DEAR MISS MANNERS: A friend who is a most genteel man revealed that in a frustrated moment, after being in an hour-long loop of voice recognition commands for -- I use this term advisedly -- "customer service" of a major airline, he shouted the most vulgar expression in the English language into the telephone.
To his surprise, he was immediately connected with a supervisor who solved his problem instantly.
Last week, after a bout with a telephone answering service that did not recognize the words "help," "operator," "live body" and the like, I too looked around to be sure my children were out of hearing and shouted "f---" into the telephone.

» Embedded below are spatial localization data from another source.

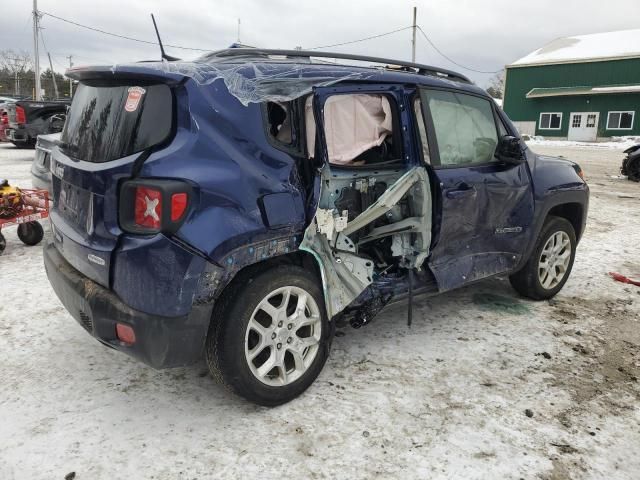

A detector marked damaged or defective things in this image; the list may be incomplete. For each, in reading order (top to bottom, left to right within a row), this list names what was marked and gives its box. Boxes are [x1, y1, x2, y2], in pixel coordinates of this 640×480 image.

damaged suv [42, 49, 588, 404] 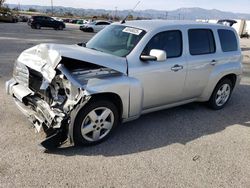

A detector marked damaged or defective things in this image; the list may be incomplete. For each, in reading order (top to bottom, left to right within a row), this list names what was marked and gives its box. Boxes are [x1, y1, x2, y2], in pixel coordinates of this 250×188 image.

damaged front end [5, 43, 123, 149]
crumpled hood [17, 44, 129, 82] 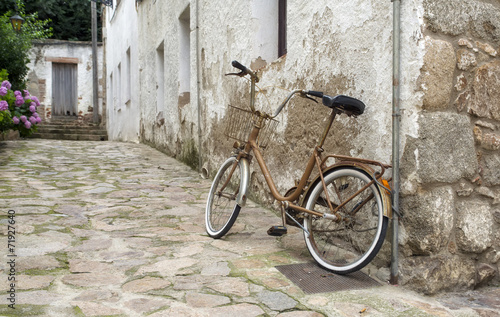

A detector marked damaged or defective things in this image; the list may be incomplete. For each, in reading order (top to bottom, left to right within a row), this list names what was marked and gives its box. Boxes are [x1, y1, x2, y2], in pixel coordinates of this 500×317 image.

peeling plaster wall [27, 40, 103, 121]
rusty vintage bicycle [205, 60, 392, 272]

To my shock, this phrase worked with my health insurer. I later brought this up with my husband, who turned red and shame-facedly admitted that he, too, had used this method to get through to a different airline.
I feel the practice of American corporations programming the phrase "f--- you" into their lexicon of recognized words, and the fact that this brings the fastest results, is truly demeaning to our culture. Would you please use your bully pulpit to request a universal, clean phrase to replace the current magic words?

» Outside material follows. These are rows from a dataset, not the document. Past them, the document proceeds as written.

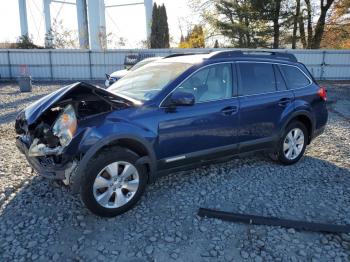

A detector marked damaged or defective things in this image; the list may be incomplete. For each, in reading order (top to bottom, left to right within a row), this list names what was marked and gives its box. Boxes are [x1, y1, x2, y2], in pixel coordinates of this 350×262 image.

broken headlight [52, 104, 77, 146]
crumpled front hood [21, 82, 123, 126]
damaged blue suv [15, 51, 328, 217]
cracked bumper [15, 137, 72, 180] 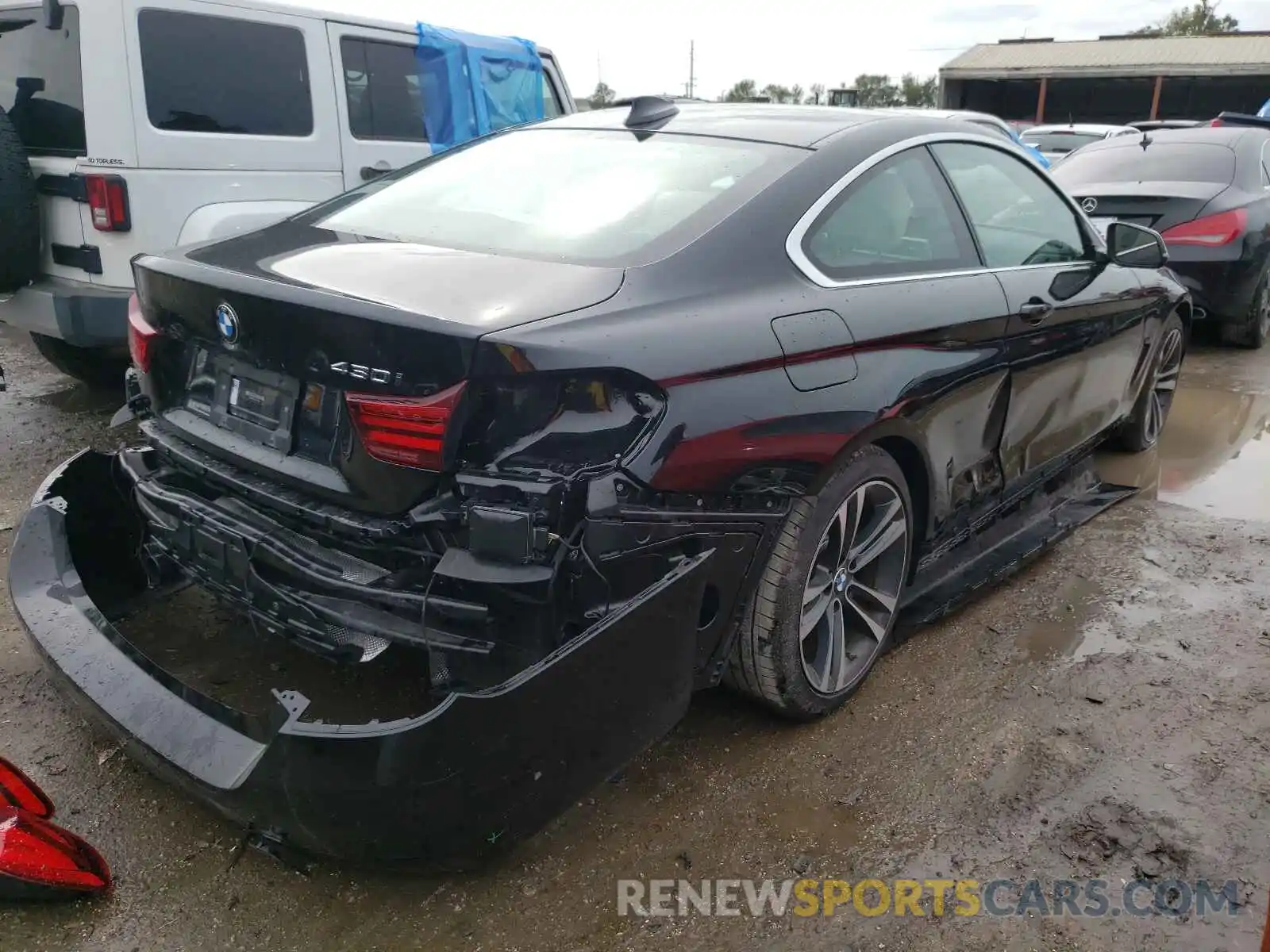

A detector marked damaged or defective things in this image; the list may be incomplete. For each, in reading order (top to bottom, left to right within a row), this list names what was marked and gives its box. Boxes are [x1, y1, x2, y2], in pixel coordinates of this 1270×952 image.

broken taillight housing [1163, 209, 1249, 248]
broken taillight housing [128, 294, 161, 373]
broken taillight housing [345, 381, 470, 470]
damaged rear end [10, 248, 782, 873]
detached rear bumper [12, 451, 772, 868]
broken taillight housing [0, 762, 54, 822]
broken taillight housing [0, 812, 113, 904]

GENTLE READER: How about "Customer service, please"? No doubt this is programmed to produce a recorded laugh.
Miss Manners is not so naive as to expect the argument of civility or human dignity to be effective in appealing to airlines, let alone health insurers. But she will ask them this:
Which customer would you prefer to have aboard? The one who quietly goes to another airline when yours doesn't respond satisfactorily, or the one who turns vicious when encountering a delay?
Note to Gentle Readers: Please do not use the information contained in the question as a tip. Please?
DEAR MISS MANNERS: My ex-boyfriend and I did not part ways amicably, primarily because he cheated. Unfortunately, our social and professional circles overlap to such an extent that it has been impossible to completely avoid contact with him in the three years since we broke up. Our relationship is polite but not friendly, and it would not bother me in the least if I never saw him again.
He is now engaged to be married, and for unfathomable reasons, he and his fiancee (who knows nothing of our relationship) sent me a wedding invitation. Am I obliged to send a gift?
GENTLE READER: No, and you didn't even need to supply the interesting backstory. If everyone who received and declined a wedding invitation were obligated to send a present, greedy couples would be blanketing society with invitations to people they hardly know.
And come to think of it, some of them are.
The recipient's basic obligation is simply to respond quickly. Nevertheless, Miss Manners hopes you can find it in your heart to do the additionally charming thing and write the bride, if not the couple, a note wishing them well.